What Guinness CEO is saying:
Sharma attributed the company’s improved performance to a deliberate restructuring strategy implemented over the past year, focused on improving efficiency, empowering local teams, and expanding market reach.
- “We grew distribution, we’ve become far more efficient today, and we were able to make our people more agile because we brought decision-making down to Nigeria,” Sharma said.
- “The past year has been a year of reset, but expecting 144% revenue growth might not be what we should be looking at. However, I don’t see why we’d not be growing by double digits at the very least.”
According to the CEO, the company’s recovery strategy was built around four key pillars designed to reposition the business for long-term growth.
- “From a strategy perspective, I spent the first 100 days drawing the blueprint,” he explained. “At the end of it, we actually broke the strategy into four pillars.”
- “First was culture; we needed to make people feel more empowered, more than anything else. Second was operational excellence by localising what we do; we wanted to achieve more efficiency with this.”
- “Thirdly, we are very obsessed with the consumers, so we had them at the centre of our strategy — we took out a few products and became a lot more innovative in adding some. And finally, is the financial performance,” he said.
More insights:
Beyond the financial numbers, Sharma noted that Guinness Nigeria’s transformation reflects a broader operational reset aimed at building a more agile and locally responsive business.
- The company expanded its distribution footprint across the country while improving internal efficiency through faster local decision-making and streamlined operations.
- Management also intensified its focus on consumer-led innovation, adjusting product offerings and introducing formats better suited to current market realities.
- One example is the launch of Orijin Beer in PET format, designed to provide more affordable options for consumers facing cost-of-living pressures.
- Sharma said Guinness Nigeria sees significant opportunities across several beverage categories over the next few years, particularly in ready-to-drink products, mainstream spirits, beer, and malt drinks.
- “Consumer tastes are evolving quickly,” Sharma said, “and our job is to stay close to those shifts and respond with the right products.”
According to him, evolving consumer preferences are reshaping the company’s portfolio strategy, with growth increasingly expected to come from value-driven innovation and products tailored to changing spending patterns.
Sustaining growth momentum:
Looking ahead, Guinness Nigeria plans to sustain its recovery by deepening distribution, improving operational efficiency, and maintaining strict financial discipline.
- The company also intends to continue investing in innovation while balancing growth across both premium and value segments of the market.
- Management believes the localisation of operations and faster decision-making structures will continue to improve responsiveness and execution efficiency in an increasingly competitive consumer market.

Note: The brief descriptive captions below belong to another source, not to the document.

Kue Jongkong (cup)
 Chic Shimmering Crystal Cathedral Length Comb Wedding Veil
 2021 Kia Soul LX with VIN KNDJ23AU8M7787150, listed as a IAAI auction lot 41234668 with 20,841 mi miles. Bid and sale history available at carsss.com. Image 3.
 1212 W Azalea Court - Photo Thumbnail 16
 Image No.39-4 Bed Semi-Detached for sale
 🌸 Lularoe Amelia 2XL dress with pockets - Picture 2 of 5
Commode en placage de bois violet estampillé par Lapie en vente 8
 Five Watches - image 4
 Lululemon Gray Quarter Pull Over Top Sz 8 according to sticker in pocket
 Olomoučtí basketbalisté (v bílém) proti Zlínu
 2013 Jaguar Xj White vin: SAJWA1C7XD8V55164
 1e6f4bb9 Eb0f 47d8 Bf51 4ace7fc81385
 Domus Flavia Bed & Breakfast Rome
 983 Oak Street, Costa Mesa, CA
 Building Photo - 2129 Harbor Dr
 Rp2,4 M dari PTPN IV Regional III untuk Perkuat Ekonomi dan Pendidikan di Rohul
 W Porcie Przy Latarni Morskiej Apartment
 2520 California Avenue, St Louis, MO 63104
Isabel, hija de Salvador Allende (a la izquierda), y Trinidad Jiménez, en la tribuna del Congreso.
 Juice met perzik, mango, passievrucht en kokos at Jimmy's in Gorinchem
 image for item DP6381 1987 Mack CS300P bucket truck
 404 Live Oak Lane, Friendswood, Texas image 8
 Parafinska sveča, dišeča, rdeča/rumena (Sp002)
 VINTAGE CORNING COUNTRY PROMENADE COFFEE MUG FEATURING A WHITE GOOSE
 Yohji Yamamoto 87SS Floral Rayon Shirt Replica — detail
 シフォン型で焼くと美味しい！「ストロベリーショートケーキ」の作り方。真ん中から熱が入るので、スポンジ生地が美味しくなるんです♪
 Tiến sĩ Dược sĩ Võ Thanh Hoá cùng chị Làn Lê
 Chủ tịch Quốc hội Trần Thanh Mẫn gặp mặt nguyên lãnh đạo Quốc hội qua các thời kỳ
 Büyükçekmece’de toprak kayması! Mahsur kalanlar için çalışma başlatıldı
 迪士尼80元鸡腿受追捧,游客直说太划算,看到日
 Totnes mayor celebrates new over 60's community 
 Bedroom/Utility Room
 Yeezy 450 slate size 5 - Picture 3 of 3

Despite macroeconomic headwinds such as inflation and currency volatility, Guinness Nigeria said its strengthened operating model has positioned the company to deliver consistent double-digit growth over the medium term.
What you should know:
Guinness Nigeria Plc returned to profitability in 2025 after several years of losses, posting a profit after tax of N41.2 billion for the 18-month period ended December 31, 2025, compared with losses recorded in previous years.
- Revenue surged 144% to N730.8 billion during the period, supported by broad-based volume growth across key product categories.
- The brewer’s recovery was also driven by a sharp reduction in finance costs following debt restructuring and improved foreign exchange risk management, with finance expenses falling to below N40 billion from significantly higher levels in prior years.
- The company also reported zero foreign exchange losses in 2025, compared with a N92 billion FX loss in 2024.
- Guinness Nigeria’s balance sheet has improved significantly, with shareholders’ equity recovering to N43.3 billion from near-negative levels while retained losses narrowed sharply.
- The company also moved back to dividend payment in 2026, declaring an interim dividend of N2 per share for Q1 2026 — its first dividend declaration in four years.
Investor confidence has also strengthened considerably, with Guinness Nigeria’s share price rising sharply over the past year as the market responded positively to the company’s profitability recovery and improved operating performance.